L'aversion idéologique vis-à-vis de l'investissement du secteur public, de même que la prédominance d'un mode de pensée à court terme de la part de ceux qui rédigent les budgets, ont abaissé les dépenses jusqu'à des niveaux bien insuffisants en matières d'autoroutes, d'aéroports, de chemins de fer, de réseaux de télécommunications et de production d'électricité. Seulement voilà, cette problématique ne peut plus être ignorée. Si les États-Unis n'agissent pas rapidement afin de conférer de solides fondations à leur reprise économique fragile, le pays pourrait à nouveau glisser lentement vers la stagnation.

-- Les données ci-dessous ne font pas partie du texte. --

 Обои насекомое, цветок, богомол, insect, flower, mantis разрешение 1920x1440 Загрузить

La logique la plus évidente voudrait en principe qu'une économie développée procède judicieusement et continuellement à des investissements dans les biens publics. Or, au vu de la situation infrastructurelle des États-Unis, il semble que tous les acteurs décisionnels ne partagent pas cette conception. Dans le rapport 2013 de l'American Society of Civil Engineers, le pays n'obtient qu'une piètre note globale de D+ pour ses infrastructures. Le rapport énumère de nombreuses insuffisances spécifiques à chaque état, relevant par exemple la présence de « 88 barrages à risque élevé et 1 298 ponts structurellement défaillants » dans le Michigan, ou encore un besoin de financement à hauteur de « 44,5 milliards aux fins de la mise à niveau des systèmes d'eau potable » de Californie.
Ce rapport conclut en énonçant que 3 600 milliards $ d'investissements (soit environ un cinquième du PIB annuel du pays) seront nécessaires d'ici 2020 pour élever la qualité des infrastructures américaines, en remédiant aux « retards significatifs de maintenance [ainsi qu'au] besoin urgent de modernisation ». À défaut, les infrastructures croulantes du pays seront vouées à peser sur la croissance économique pour les années à venir.

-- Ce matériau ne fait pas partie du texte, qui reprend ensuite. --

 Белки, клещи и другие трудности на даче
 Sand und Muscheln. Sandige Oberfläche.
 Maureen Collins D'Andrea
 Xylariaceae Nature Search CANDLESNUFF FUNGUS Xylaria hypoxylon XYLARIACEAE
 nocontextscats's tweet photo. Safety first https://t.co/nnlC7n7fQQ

Ce besoin critique de l'Amérique en infrastructures modernes survient d'une certaine manière à un moment opportun. À l'heure où la reprise économique du pays demeure fragile, la mise en œuvre d'un programme infrastructurel publiquement financé pourrait faire évoluer significativement les perspectives des travailleurs américains, faisant naître de nouvelles opportunités d'emploi pour la main-d’œuvre faiblement et sous-qualifiée.
Dans le même temps, les dépenses engagées dans la mise à niveau des infrastructures pourraient fournir une opportunité souvent négligée aux investisseurs institutionnels à long terme. Aux États-Unis, les fonds de pension, sociétés d'assurance et autres fonds communs de placement gèrent au total pour 30 000 milliards d'actifs, et peinent à dénicher des investissements susceptibles de satisfaire à leurs obligations à long terme. La persistance de faibles taux d'intérêt se révèle particulièrement problématique pour les fonds de pension, qui sont confrontés à une augmentation des passifs (selon un calcul effectué sur une base actualisée).
Le déploiement d'un programme à long terme de dynamisation des infrastructures déclinantes du pays constituerait un grand pas vers la résolution de l'écart entre actifs et dettes, en conférant aux fonds de pension un certain nombre d’investissements à horizons lointains (garantissant ainsi les revenus des retraités de demain), tout en exploitant les capitaux privés aux fins du bien commun. En réalité, ces fonds de pension investissent déjà dans les infrastructures, mais ils le font au Canada, en Australie, au Royaume-Uni, ou encore aux Pays-Bas.
Il faut malheureusement s’attendre à ce que les objections idéologiques et la politique partisane jonchent d’obstacles le chemin en direction de la modernisation des infrastructures américaines, ainsi que de la création de telles opportunités au sein du pays. La question de l’investissement du secteur public ne cesse de raviver un conflit ancestral entre, d’une part, ceux qui insistent pour que l’État ne s’ingère pas dans les efforts de création d’emplois, et d’autre part ceux qui estiment que l’État aurait notamment pour responsabilité de donner du travail à une main-d’œuvre insuffisamment sollicitée.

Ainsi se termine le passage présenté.